As scary as all that is, there is one specific risk to all drivers on the road and their accompanying passengers that is especially outsized. Namely, that is the typically adverse outcome — commonly severe, often tragic — linked with an accident involving a large truck.
There are of course many thousands of those daily crisscrossing Georgia, on thoroughfares ranging from major interstates and freeways to divided roads and corridors connecting rural communities.
Just how dangerous are accidents involving large trucks?
Although careful Georgia drivers already know the answer to that above header query, relevant statistics accurately culled by federal safety regulators might reasonably surprise them and even temper their perceptions.

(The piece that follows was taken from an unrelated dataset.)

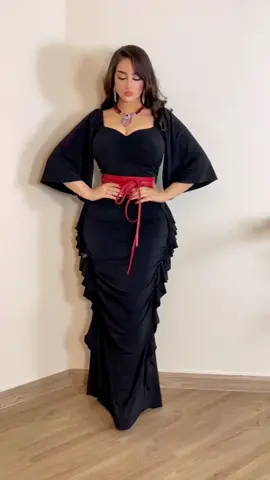 #اكسبلورexplore #فاشن_ستايل #ضيفووووني_انستااااا #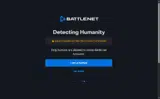 WELCOME10 coupon verification screenshot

A report posted late last year by the U.S. Department of Transportation notes these alarming facts:
- More than 11 people died in large truck accidents nationally on average every single day of the year over a recent measuring period
- Reportedly, 82% of fatal crash victims were individuals other than truck occupants
- Stunningly, 97% of all fatalities in direct truck-passenger vehicle collisions were riders in the smaller conveyances
- Recent trending data point to a progressive uptick in truck-related accidents, despite the advent of new safety technologies
It is easy to see why the results linked with truck crashes are generally so dire. There are many distinct factors at work that both figuratively and literally drive downside outcomes in such accidents. One informative website on large truck crash causes/results and potential legal remedies for victims duly cites “the uniqueness of a trucking injury case.”
It is obvious that commercial trucks are roadway behemoths. The federal Insurance Institute for Highway Safety reports that some of them “weigh 20-30 times as much as passenger cars.” Understandably, it takes an undue amount of time to slow or stop that moving weight.
Moreover, large trucks have huge blind spots. Their ground clearance is high, which increases so-called “underride” risks for occupants in other vehicles. Professional truckers routinely operate under strict time schedules, which sometimes results in stressed and overly fatigued drivers. Trucks that are always on the go sometimes forgo scheduled maintenance checks and repairs.
Any combination of those factors can yield catastrophic results for crash victims and their families. A truck-linked crash can also spur a a compelling need to secure a meaningful post-accident legal recovery that fully assigns accountability, addresses deterrence and secures maximum compensation responding to injury-promoting negligence.
Driving is often a pleasant experience, but Georgia motorists know that it also entails challenges and occasionally material risks as outlined in the above subject matter.
We wish all motorists across the state a safe driving experience.